January 14, 2009 by MrBlueSkies
I hate to admit it but not only did I gain twenty pounds after I stopped smoking but I gained an additional ten pounds during the Christmas holiday for a total of 30 whopping pounds. I haven’t been this heavy since I lost 72 lbs back at the end of 2003! I was seriously distressed over this enormous weight gain and Linda and I vowed to lose weight together in 2009.
I was 200 lbs on 1/7 and today, one week later, I am 192. (Just don’t tell Linda because it upsets her that I lose weight quicker than she does. She says it’s because I’m a guy and it’s not fair.) Now I know what you folks are gonna say, “It’s not healthy to lose all that weight so fast.” I’ve heard it before and all I have to say is “phooey!” I am not really dieting, just adjusting my eating habits. No more late night snacking. No more take-out. Eating healthy snacks or lower calorie snacks instead of fattening ones. Eating smaller portions. And in addition to the changes in my eating habit, I’m walking 40 minutes every day at lunch.
So you see, I’m not overdoing it. I’m being sensible. But sometimes it’s hard. Today, our evil Publications Coordinator (Karl) brought in three tins full of raisin oatmeal cookies, chocolate chip cookies, m&m cookies, peanut butter cookies with a Hershey kiss in the center, chocolate covered peanut butter balls, chocolate bark with cashews, and an assortment of chocolate covered pretzels–all hand made by his lovely (and evil) girlfriend, Barb. (See, Linda is not the only one I call Evil)

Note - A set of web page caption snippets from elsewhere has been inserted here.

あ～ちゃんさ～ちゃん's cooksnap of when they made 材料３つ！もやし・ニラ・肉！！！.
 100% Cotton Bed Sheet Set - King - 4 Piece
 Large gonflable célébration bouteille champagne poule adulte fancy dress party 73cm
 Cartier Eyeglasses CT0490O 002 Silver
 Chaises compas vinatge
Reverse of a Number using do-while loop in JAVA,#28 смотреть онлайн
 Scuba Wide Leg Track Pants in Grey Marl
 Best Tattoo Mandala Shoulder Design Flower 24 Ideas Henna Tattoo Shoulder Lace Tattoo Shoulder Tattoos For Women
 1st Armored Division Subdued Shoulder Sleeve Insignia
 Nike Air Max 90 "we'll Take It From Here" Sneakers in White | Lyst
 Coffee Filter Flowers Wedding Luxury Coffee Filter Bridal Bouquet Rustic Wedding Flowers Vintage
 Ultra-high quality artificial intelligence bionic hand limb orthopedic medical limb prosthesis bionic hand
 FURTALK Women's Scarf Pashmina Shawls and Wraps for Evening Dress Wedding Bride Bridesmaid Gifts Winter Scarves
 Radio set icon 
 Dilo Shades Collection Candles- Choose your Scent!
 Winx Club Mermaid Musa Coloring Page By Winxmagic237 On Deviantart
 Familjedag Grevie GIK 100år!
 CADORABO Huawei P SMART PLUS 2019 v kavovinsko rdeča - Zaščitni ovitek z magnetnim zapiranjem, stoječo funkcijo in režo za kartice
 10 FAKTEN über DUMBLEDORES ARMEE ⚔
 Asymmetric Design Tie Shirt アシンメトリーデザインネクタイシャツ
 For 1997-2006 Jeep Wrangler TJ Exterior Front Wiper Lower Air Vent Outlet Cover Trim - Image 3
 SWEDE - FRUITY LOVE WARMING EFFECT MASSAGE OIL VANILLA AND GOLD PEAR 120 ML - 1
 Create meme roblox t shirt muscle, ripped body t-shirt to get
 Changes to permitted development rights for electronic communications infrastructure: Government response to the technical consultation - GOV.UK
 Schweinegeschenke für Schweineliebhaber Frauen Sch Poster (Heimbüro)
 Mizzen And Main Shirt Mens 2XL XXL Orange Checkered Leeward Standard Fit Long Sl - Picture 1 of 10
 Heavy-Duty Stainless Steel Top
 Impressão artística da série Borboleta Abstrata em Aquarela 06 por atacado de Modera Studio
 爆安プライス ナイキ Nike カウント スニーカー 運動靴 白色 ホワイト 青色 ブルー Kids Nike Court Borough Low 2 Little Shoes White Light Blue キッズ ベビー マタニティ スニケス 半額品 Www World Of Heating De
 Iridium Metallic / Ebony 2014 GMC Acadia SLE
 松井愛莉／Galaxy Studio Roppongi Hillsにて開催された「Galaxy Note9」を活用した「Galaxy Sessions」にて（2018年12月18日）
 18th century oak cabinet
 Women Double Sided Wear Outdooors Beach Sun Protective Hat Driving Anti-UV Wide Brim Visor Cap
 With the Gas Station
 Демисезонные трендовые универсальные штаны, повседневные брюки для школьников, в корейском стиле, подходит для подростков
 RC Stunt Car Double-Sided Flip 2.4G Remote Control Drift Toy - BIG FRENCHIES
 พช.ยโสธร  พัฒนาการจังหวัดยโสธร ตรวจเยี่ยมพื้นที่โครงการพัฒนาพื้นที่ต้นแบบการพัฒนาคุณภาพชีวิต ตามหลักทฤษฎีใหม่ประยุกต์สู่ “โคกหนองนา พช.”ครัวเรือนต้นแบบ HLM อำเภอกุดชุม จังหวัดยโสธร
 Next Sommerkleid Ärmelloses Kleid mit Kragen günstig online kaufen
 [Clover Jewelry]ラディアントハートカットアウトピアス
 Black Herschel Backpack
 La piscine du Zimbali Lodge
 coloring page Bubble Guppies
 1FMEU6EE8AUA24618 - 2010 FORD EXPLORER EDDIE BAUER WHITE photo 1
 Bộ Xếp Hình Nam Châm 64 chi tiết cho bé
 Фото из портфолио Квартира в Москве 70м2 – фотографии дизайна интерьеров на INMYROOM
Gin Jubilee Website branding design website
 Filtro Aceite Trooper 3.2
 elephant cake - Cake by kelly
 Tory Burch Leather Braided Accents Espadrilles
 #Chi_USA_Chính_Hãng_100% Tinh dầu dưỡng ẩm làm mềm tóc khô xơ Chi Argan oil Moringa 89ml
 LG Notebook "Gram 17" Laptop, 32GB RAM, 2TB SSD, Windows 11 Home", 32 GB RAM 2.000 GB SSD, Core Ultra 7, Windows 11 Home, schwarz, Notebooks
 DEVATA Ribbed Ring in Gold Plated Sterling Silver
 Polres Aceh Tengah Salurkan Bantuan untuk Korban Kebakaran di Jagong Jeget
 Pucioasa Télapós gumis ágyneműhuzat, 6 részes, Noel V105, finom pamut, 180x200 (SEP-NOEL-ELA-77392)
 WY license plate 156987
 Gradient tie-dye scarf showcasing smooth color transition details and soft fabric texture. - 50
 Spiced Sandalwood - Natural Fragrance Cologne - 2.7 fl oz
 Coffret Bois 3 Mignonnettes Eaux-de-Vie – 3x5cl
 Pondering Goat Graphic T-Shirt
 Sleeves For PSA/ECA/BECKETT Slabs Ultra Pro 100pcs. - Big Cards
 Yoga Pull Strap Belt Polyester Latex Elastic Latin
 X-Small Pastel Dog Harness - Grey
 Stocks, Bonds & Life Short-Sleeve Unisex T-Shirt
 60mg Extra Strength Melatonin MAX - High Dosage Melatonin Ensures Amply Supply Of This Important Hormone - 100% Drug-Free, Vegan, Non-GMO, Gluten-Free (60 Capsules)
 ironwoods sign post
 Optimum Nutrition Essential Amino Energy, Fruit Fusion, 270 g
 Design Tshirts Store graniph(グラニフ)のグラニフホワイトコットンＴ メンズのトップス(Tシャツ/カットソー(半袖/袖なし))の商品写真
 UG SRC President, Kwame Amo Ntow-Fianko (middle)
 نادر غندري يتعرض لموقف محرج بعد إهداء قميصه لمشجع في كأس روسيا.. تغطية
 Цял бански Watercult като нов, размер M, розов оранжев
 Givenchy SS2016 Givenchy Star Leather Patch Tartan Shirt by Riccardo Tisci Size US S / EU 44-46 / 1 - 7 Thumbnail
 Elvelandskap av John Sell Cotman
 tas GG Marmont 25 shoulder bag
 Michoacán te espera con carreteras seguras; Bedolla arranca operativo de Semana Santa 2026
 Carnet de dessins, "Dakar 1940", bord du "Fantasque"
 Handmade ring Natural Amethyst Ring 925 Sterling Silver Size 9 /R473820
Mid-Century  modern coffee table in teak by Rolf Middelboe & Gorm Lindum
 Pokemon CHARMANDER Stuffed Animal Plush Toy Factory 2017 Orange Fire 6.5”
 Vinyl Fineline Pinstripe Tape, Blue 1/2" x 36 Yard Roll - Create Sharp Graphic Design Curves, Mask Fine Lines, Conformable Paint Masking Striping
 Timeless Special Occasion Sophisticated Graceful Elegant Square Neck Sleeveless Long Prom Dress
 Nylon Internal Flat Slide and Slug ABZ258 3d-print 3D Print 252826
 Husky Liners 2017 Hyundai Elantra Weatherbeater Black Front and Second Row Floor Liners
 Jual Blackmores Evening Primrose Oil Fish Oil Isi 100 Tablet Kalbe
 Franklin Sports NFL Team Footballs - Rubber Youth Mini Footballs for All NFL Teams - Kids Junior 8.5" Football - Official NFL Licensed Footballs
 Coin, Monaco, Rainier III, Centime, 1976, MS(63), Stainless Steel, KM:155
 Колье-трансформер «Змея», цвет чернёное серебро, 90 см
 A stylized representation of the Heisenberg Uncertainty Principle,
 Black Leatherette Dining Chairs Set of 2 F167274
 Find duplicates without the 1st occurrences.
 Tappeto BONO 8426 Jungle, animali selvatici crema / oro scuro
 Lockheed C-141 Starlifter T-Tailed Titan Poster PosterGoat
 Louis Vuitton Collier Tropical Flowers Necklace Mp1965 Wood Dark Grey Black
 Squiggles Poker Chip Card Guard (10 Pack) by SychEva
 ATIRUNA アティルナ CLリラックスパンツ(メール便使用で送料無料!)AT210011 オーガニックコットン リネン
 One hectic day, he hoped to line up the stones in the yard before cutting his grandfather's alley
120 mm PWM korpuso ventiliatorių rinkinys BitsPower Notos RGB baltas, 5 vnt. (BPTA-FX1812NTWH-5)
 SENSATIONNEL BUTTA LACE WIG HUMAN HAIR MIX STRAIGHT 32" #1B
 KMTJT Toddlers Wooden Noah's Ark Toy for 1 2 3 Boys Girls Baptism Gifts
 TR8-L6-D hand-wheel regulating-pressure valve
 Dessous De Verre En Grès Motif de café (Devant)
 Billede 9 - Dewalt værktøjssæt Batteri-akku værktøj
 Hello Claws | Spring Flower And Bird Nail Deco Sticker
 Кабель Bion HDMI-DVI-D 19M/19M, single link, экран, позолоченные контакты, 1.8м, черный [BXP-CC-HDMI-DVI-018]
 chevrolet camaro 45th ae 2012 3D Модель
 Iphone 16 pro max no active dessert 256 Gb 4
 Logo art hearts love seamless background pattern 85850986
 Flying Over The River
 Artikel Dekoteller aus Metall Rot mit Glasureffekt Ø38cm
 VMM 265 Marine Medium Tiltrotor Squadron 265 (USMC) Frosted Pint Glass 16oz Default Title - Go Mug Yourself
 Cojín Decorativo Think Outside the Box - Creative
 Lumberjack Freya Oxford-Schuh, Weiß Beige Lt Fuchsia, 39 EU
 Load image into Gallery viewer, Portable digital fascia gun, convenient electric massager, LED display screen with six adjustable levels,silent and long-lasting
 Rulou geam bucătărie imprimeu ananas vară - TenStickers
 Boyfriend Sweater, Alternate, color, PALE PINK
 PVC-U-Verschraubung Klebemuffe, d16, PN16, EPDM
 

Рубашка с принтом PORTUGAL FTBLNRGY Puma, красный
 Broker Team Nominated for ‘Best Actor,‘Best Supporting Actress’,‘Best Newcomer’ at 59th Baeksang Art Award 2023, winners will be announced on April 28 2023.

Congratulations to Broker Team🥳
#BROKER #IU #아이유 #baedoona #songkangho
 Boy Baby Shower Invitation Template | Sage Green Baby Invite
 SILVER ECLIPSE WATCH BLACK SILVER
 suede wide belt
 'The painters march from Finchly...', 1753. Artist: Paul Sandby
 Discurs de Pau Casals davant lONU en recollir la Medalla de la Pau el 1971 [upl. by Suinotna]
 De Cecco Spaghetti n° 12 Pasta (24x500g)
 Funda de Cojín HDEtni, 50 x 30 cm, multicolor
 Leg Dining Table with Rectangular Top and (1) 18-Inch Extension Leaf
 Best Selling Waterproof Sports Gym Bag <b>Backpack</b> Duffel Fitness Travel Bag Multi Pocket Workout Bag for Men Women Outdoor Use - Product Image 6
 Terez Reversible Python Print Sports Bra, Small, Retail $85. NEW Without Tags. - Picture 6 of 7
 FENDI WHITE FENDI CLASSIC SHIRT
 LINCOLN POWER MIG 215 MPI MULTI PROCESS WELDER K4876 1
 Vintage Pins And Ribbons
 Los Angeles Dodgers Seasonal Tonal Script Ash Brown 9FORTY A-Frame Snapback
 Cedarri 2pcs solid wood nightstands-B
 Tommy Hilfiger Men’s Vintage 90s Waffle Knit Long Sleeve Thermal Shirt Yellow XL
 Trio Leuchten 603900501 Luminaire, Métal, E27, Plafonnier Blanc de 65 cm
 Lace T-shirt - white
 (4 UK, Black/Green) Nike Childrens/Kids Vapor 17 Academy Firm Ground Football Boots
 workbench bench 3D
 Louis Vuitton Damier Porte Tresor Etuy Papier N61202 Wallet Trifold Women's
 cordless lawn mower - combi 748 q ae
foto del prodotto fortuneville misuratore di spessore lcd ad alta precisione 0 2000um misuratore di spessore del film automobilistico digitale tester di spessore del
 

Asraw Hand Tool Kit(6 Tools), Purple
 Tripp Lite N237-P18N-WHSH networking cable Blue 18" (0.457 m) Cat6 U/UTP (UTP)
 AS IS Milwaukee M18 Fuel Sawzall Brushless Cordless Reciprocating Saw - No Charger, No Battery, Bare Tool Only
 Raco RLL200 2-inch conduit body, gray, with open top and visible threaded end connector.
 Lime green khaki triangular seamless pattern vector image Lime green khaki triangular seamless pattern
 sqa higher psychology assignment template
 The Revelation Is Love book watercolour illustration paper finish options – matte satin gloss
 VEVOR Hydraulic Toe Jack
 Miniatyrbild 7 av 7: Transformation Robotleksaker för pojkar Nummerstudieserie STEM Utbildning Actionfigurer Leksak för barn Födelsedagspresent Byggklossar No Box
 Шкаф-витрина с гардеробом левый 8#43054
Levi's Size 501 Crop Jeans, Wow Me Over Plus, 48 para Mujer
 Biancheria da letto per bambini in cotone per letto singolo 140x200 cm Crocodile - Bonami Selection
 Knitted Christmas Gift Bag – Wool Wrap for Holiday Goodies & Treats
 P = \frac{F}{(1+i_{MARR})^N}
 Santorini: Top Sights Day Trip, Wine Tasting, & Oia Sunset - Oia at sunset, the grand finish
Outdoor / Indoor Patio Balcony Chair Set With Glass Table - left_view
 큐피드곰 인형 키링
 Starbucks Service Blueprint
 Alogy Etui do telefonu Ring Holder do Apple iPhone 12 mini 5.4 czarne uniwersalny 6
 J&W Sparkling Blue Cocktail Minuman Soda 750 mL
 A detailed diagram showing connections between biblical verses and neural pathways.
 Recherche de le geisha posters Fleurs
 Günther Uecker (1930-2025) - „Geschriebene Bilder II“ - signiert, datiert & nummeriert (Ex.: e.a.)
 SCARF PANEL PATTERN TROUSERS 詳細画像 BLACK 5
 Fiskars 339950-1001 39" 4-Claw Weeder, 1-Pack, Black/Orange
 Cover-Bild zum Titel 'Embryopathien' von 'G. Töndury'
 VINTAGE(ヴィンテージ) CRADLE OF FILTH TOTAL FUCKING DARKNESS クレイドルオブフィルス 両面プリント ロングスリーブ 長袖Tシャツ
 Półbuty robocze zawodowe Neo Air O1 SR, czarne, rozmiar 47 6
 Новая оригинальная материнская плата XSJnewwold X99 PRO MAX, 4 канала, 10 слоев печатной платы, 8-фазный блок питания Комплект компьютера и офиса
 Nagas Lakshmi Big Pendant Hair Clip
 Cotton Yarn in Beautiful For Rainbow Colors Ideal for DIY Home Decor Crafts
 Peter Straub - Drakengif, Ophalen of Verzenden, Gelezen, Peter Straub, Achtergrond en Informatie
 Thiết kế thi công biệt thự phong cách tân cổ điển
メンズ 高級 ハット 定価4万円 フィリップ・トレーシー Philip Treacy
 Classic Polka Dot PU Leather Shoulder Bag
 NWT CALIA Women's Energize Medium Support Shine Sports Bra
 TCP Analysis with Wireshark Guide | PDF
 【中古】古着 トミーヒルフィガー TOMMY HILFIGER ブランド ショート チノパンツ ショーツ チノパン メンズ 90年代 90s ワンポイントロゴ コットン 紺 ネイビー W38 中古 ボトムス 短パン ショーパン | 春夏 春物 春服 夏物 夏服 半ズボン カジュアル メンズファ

As I stood drooling over them, I decided to take pride in the amount of weight I have already lost and not lament over the bounty of goodies that were tempting me to eat them all. No, I will not partake! I am not denying myself anything because I’ve already eaten many of Barb’s homemade goodies in the past, so I already know how good they are. Besides, I have a sneaking suspicion that Karl brought them in just to save himself from turning into a Macy’s Day Parade balloon.
The thought that I am on track and moving in the right direction is much better than a hastily taken indulgence which will only cause me guilt and regret later. When I finally reach my goal, the man in the mirror will be a lot more appealing than a silly old cookie or piece of chocolate. That’s my story and I’m sticking to it!